Jordan Spieth says a surgery to his left wrist “went smoothly.”
Via a 54-word message posted to his social media channels on Saturday, the three-time major winner said he underwent the procedure last week. Two weeks ago, after he finished his PGA Tour season at the FedEx St. Jude Championship, Spieth said he would have the work done, though he was light on specifics, saying doctors will have to “recreate the tendon” in his left wrist “so it doesn’t dislocate,” and that the timeline for his return to golf is roughly three to four months, or roughly in time for the beginning of the 2025 PGA Tour season.
Below is Spieth’s complete Saturday note:
“I had a procedure on my left wrist last week, as I had mentioned was the plan. The operation went smoothly and I’m grateful for the exceptional medical team and support of Annie [Spieth’s wife] and my family.
“Focused on rest and rehab, and I look forward to returning to golf healthy and prepared for 2025!”
Work and uncertainty, of course, are ahead. Wrists are integral to golf. In Spieth’s case, his left one has been bothersome for a while, and his results can at best be considered fair in that time.
In an article published to GOLF.com earlier this month, Alan Bastable detailed Spieth’s injury journey this way:
Spieth’s last PGA Tour victory came 28 months ago at the RBC Heritage at Harbour Town. The two-plus years since have been marked by highs (T4 at the 2023 Masters; another near-win at the RBC; his usual short-game wizardry); lows (14 missed cuts and a disqualification); swing changes (his face is far more shut at the top than it was in his 2015 prime, an adjustment Brandel Chamblee said in January was “one of the more baffling things I think I’ve seen since I’ve been sitting in this chair for 20 years”); and, perhaps most impactfully, nagging issues with his left arm and wrist that he has been fighting to varying degrees since he chipped a bone in his left hand in 2018, an injury that he later admitted he’d never properly addressed.
For years, Spieth didn’t speak much of his condition; he was reluctant to use it as an excuse. But over time, the complications that came with it became impossible to ignore. In May 2023, Spieth withdrew from the Byron Nelson, in his hometown of Dallas, citing acute pain in his left wrist. He played in the PGA Championship at Oak Hill a week later but still wasn’t right.
In October of that year, in the wake of the Ryder Cup, Spieth reaggravated his wrist again while lifting a toaster at his home. “I wasn’t doing anything either time that I hurt it that should have caused what happened,” Spieth said the following month of the two flare-ups. After several tests, doctors diagnosed him with ulnar nerve damage. At long last, some medical clarity. “It makes me think, staying on top of this I can get to structurally doing what I need to be doing to be at my best,” Spieth said then.

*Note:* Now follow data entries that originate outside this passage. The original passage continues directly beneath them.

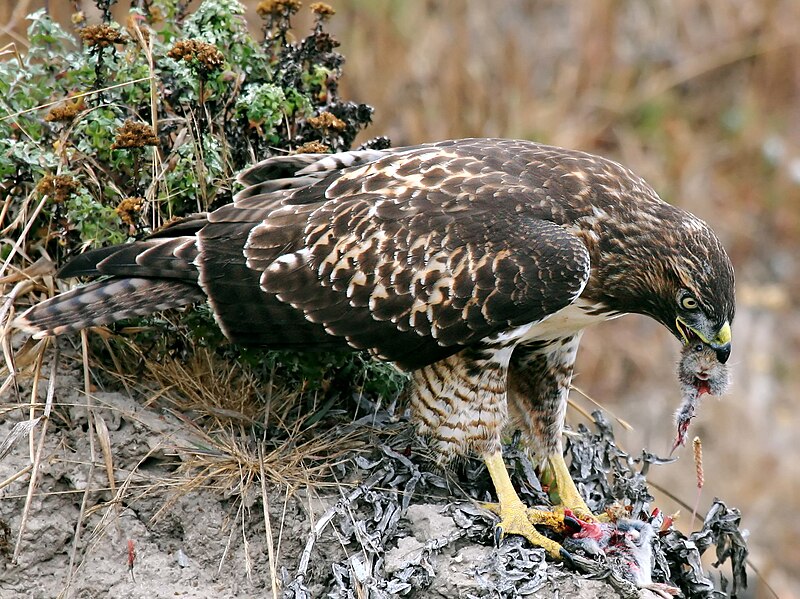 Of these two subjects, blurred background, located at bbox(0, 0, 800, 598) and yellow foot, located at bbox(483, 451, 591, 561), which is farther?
blurred background, located at bbox(0, 0, 800, 598)

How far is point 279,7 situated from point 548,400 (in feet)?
6.26

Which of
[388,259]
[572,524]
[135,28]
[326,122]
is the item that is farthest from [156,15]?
[572,524]

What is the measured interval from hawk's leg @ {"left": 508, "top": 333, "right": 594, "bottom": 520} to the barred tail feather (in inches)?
49.3

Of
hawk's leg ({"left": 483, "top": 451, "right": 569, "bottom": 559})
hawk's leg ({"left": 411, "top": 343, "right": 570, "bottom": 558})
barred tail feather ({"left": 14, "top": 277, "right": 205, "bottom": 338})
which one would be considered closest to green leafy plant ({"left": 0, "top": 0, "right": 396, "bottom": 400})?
barred tail feather ({"left": 14, "top": 277, "right": 205, "bottom": 338})

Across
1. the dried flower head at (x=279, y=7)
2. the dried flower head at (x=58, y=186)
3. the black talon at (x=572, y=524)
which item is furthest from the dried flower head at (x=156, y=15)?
the black talon at (x=572, y=524)

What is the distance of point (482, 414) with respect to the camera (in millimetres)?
3809

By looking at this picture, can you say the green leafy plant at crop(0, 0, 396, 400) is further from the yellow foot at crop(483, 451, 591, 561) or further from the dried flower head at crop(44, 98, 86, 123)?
the yellow foot at crop(483, 451, 591, 561)

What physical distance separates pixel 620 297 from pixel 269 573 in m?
1.54

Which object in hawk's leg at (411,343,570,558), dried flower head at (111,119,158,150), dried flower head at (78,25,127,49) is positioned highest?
dried flower head at (78,25,127,49)

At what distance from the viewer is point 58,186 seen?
3.85 meters

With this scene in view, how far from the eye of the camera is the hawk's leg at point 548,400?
4.08 metres

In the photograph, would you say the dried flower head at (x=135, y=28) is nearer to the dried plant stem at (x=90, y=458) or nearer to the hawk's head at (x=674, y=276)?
the dried plant stem at (x=90, y=458)

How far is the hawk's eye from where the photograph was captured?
3.72 meters

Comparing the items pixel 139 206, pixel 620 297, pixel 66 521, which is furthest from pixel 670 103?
pixel 66 521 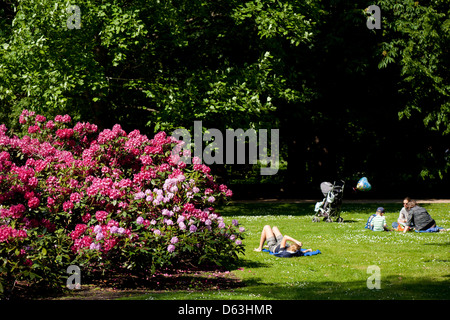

Spieth spent the offseason trying to heal, undergoing physical therapy up to four times a week. At the first event of the 2024 season, the Sentry, Spieth was asked how his wrist was feeling. “It’s good,” he said. “It’s not so much the wrist, it’s kind of up in the arm and managing that. The wrist was kind of just what took the fall from some ulnar nerve stuff.” He added, “I would say from December on it’s been really solid, I’ve been on the right path.”
And yet the wrist continued to trouble him — and his game.
After a promising start to the season (3rd in Maui, T6 in Phoenix), Spieth began to struggle, missing cuts at the Players, Valspar and Masters. A week after the Masters, at the RBC, Spieth described his injury to the AP as “a come-and-go thing,” adding, “I could oddly enough twist in the wrong way getting off the ground, and I couldn’t play tomorrow. But I could play the next day.” He added, “the ulnar side of the wrist is hard to heal.”
In Spieth’s 11 starts since the Masters, he hasn’t registered a single top-20 finish. He has dropped to 39th in the world and 63rd in the 2024 FedEx Cup standings, as this week he prepares to play in the final regular-season event of the year, the Wyndham Championship, in Greensboro, N.C. Spieth is mathematically guaranteed a spot in the FedEx top 70 that will advance to the first round of playoffs in Memphis, but he will need a strong finish there to climb into the top 50 who get through to the second playoff event, the BMW Championship, and punch their tickets into next season’s Signature Events. For a player who won three majors before he turned 24, Spieth has much at stake over the next two weeks.
“It’s not hurting,” Spieth, now 31, said Tuesday in Greensboro when asked about his wrist, “but subconsciously it’s hard not to look at the numbers and think this isn’t a coincidence.”
At the Wyndham, Spieth missed the cut after rounds of 67 and 71, and a week later, he tied for 68th in the 70-player field at the FedEx St. Jude event, ending his season and starting him on the path toward surgery and rehab.
“I like to think hopefully I have 10 to 15 years of prime and some of my best golf left,” Spieth said ahead of the Wyndham, “so I’ll be optimistic about the process.”